It promises to combine the repeatability and precision of robots with the flexibility and decision-making skills of humans.
Therefore, robots are being developed that are small, light and have torque sensors implemented to make them safe for close physical coupling with humans.
But the safety is only guaranteed through the sensors and software.
In a fail-state, the robot can still harm the human.
As a result, a completely new kind of robot emerged, the soft robot.
These robots are developed with the safety by design concept in mind.
Mostly, they consist of soft materials like cloth or silicon and are actuated pneumatically instead of with motors.
Such robots are inherently safe for direct human-robot coupling.
An example of a soft robot can be seen in figure 1.
To make the deployment of these robots easier simulation tools are required.
One such simulation should be developed during the course of this thesis.
GOALS:
The goal of this thesis is to integrate a soft robot into the virtual reality.
At this moment, the IRS works on an extensive virtual reality digital twin of the whole lab infrastructure in Unity.
Within this simulation, virtual robot collaboration and simulation is a big focus.

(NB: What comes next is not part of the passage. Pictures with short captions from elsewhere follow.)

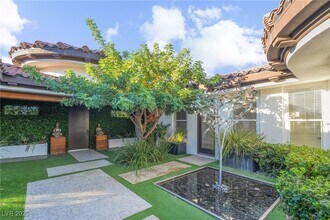 72 Panorama Crest Ave in Las Vegas, NV - Building Photo - Building Photo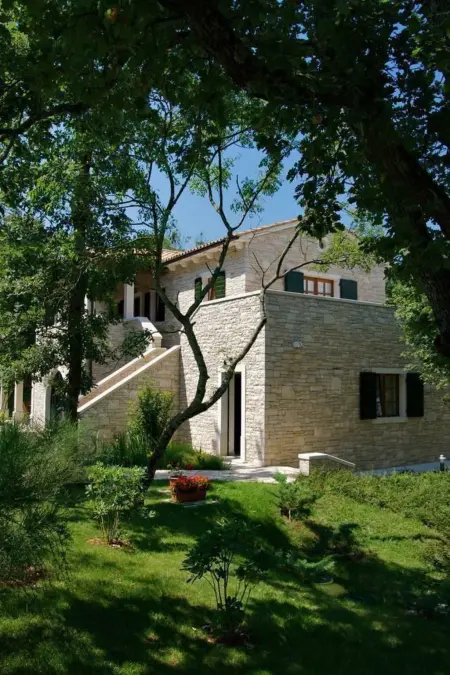 Luxusvilla mit Garten und Pool sowie herrlicher Aussicht : photo 34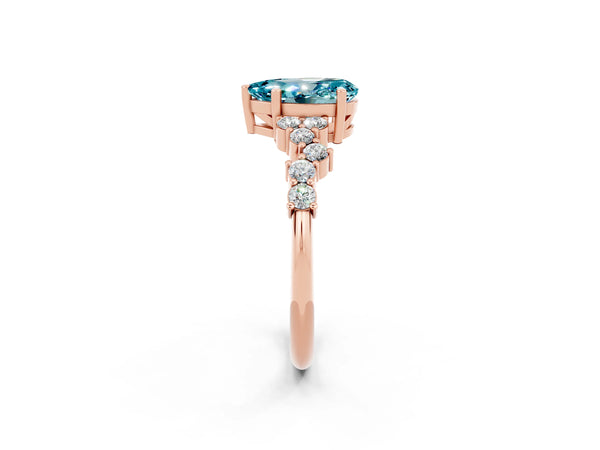 Rose gold Pear Cut Diamond Cluster Pavé Band with Four-Prong Setting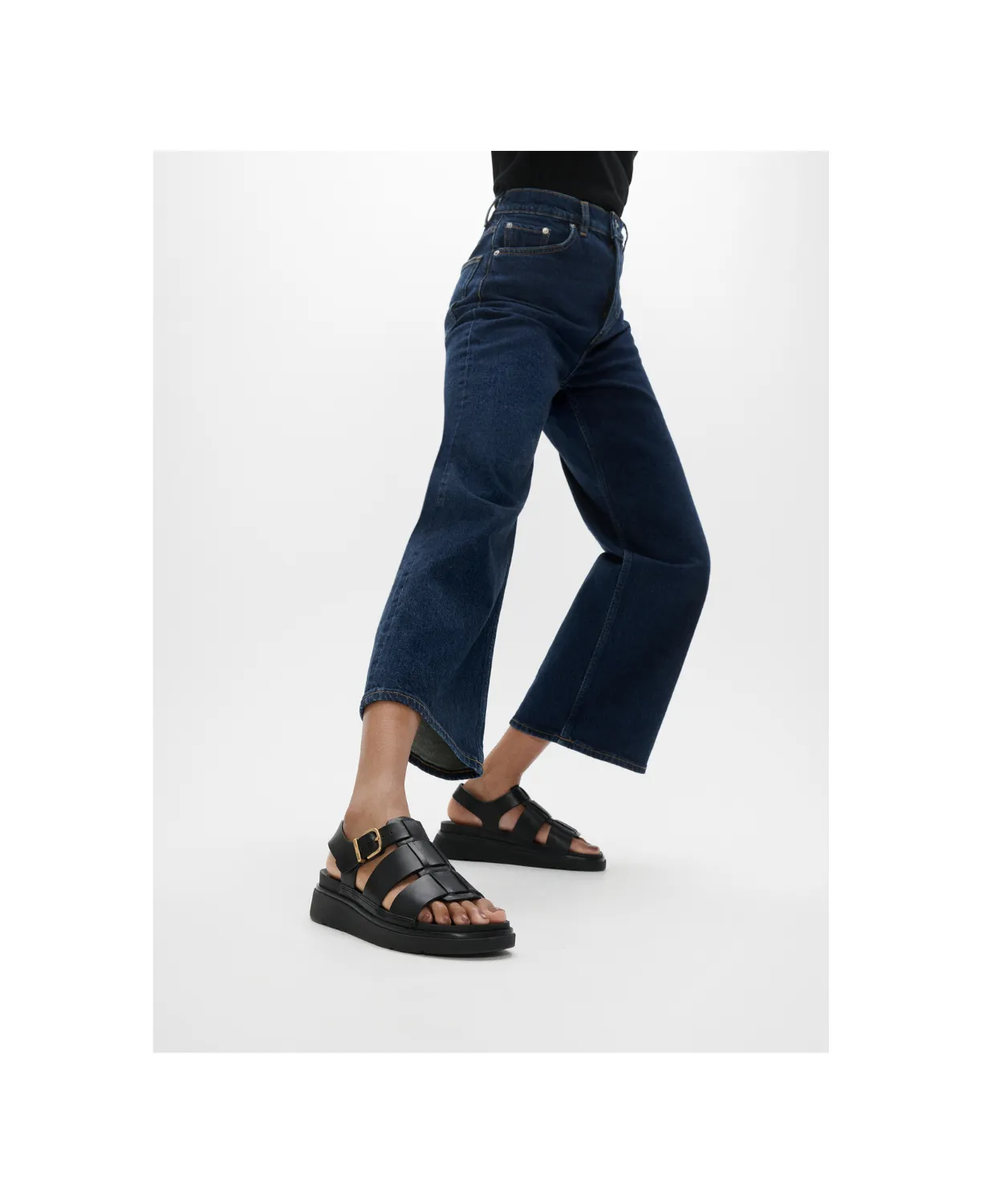 FitFlop Gen-FF Leather Fisherman Sandals Black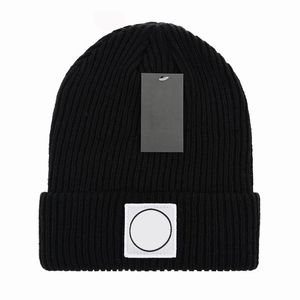 Designer Mens Beanie Hats for Women Skull Caps Black Popular Canada Winter Warm Classic Letter Goose Hat Print Sticked Caps 18 Colors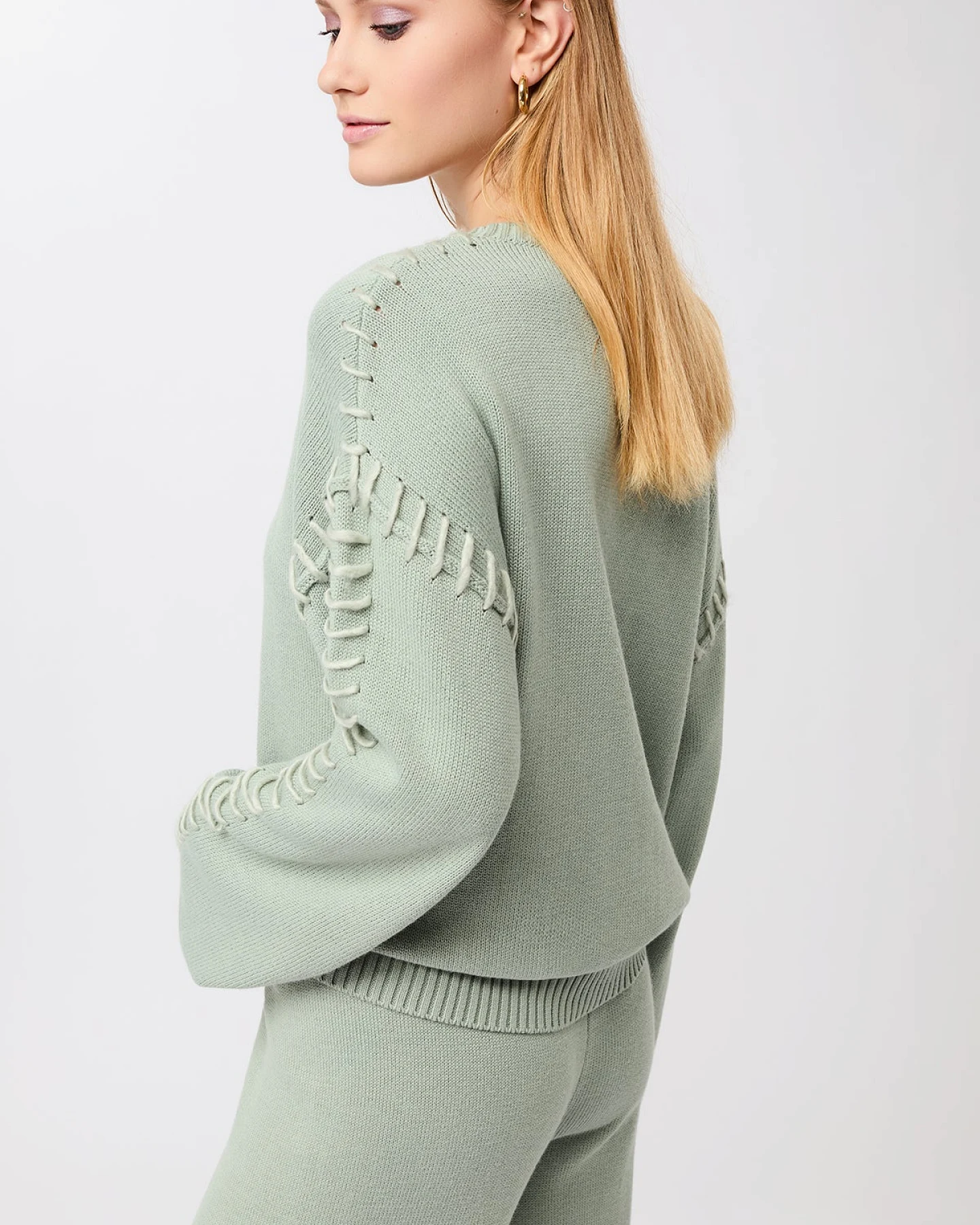MANDALA Damen vegan Locker Sitzender Strickpullover In Wüstengrün – Ansicht 2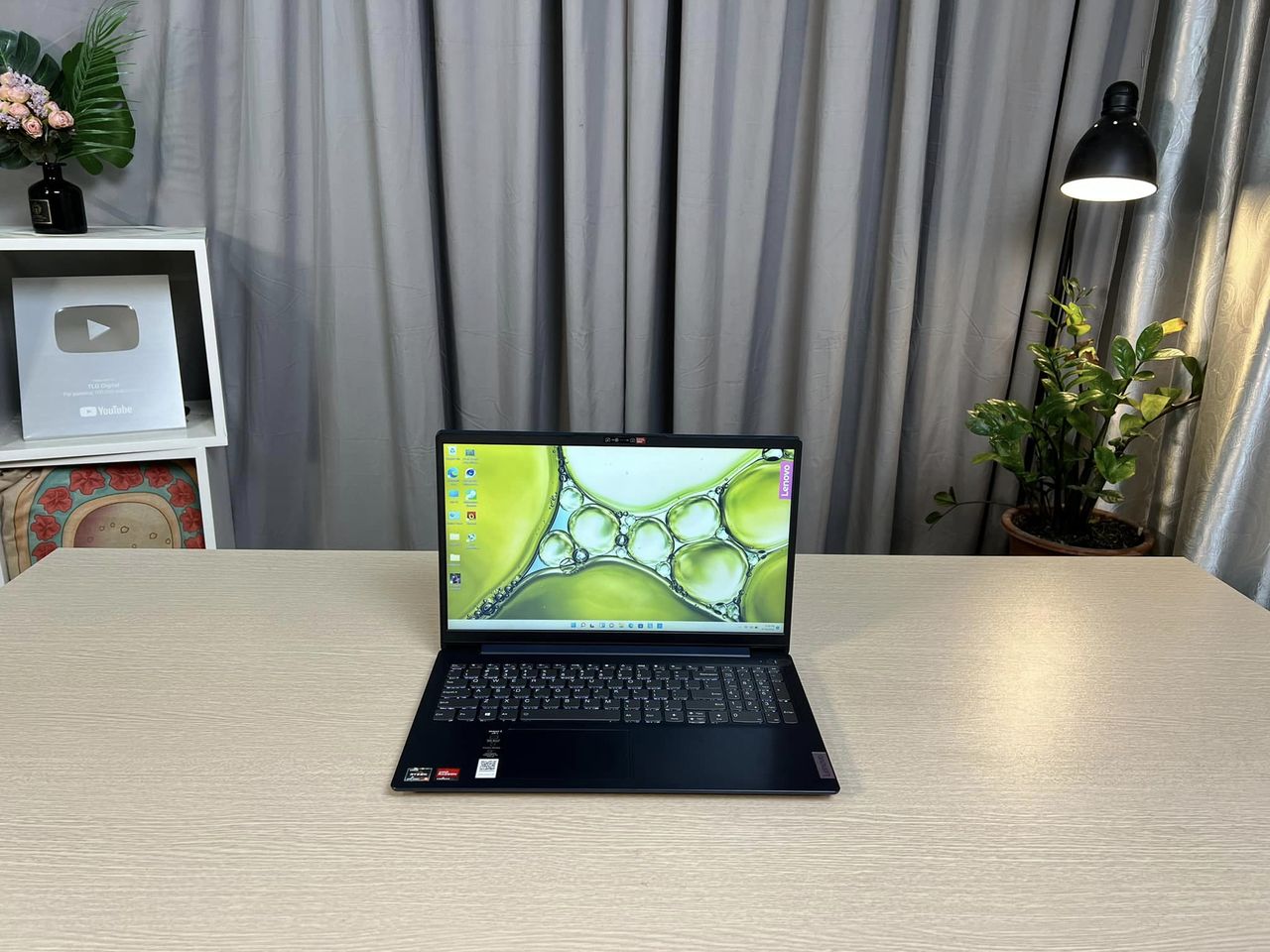 Laptop Lenovo ideaPad 3 15alc6.jpeg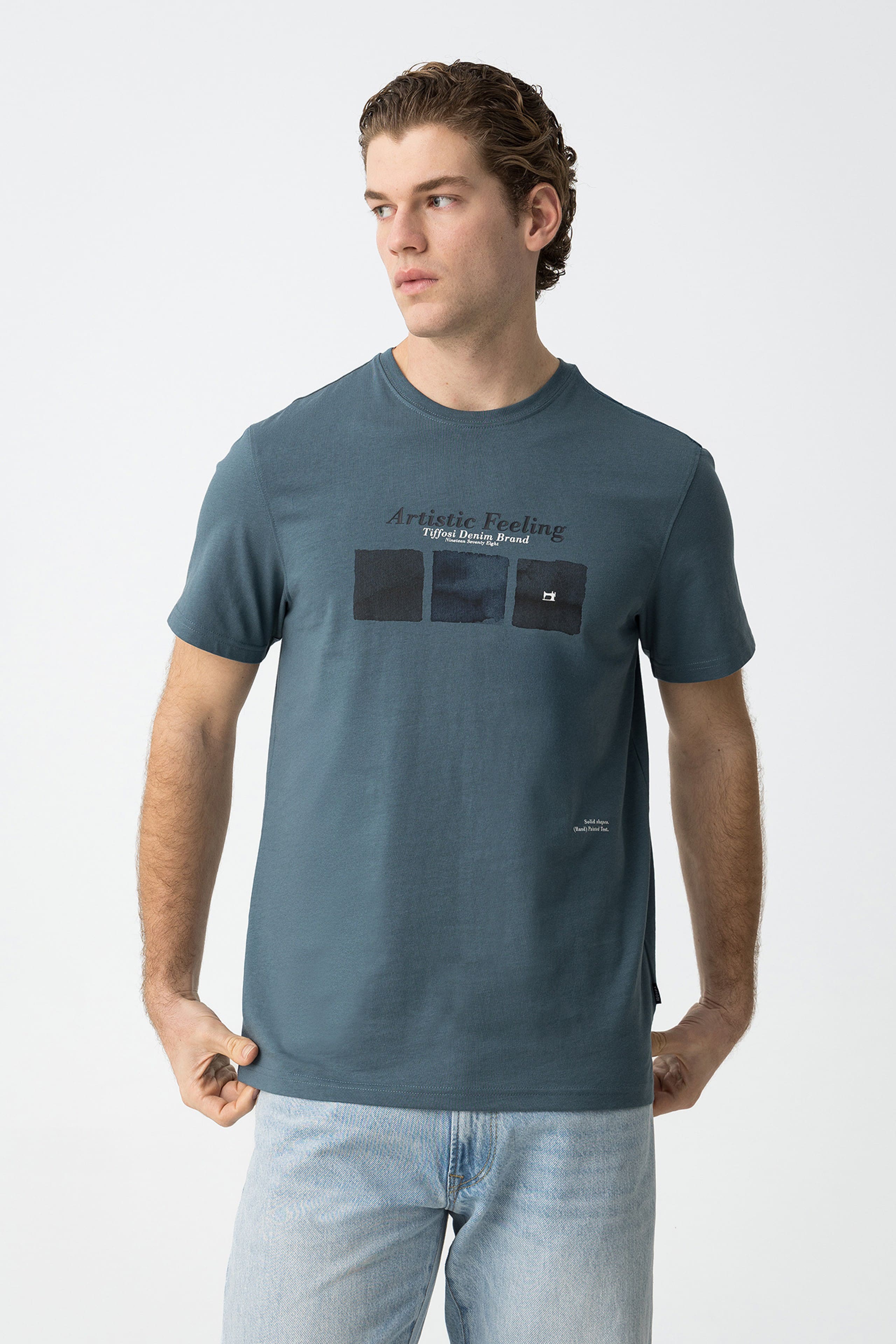 CAMISETA RHYS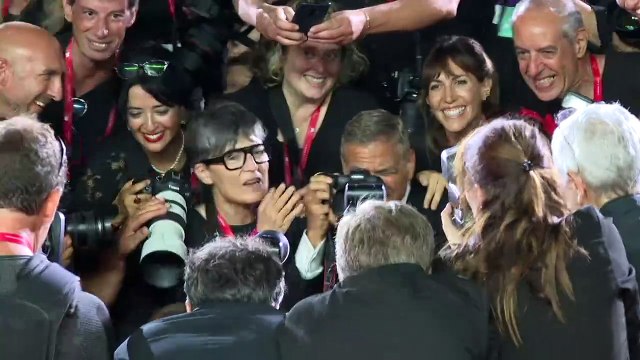 George Clooney et Brad Pitt foulent le tapis rouge à Venise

Therefore, the goal of the thesis is to integrate a soft robot into the virtual reality.
It is important, that the integration is modular and based on a definable parameter set.
As a starting point a piece-wise constant curvature model of the soft robot will be assumed.
Which means, the robot consists of multiple segments and each segment has the constraint of a constant curvature (see figure 4).
HELPFUL PRIOR KNOWLEDGE:
- Soft Robotics
- Robotics
- Control Theory
- ROS2
- Unity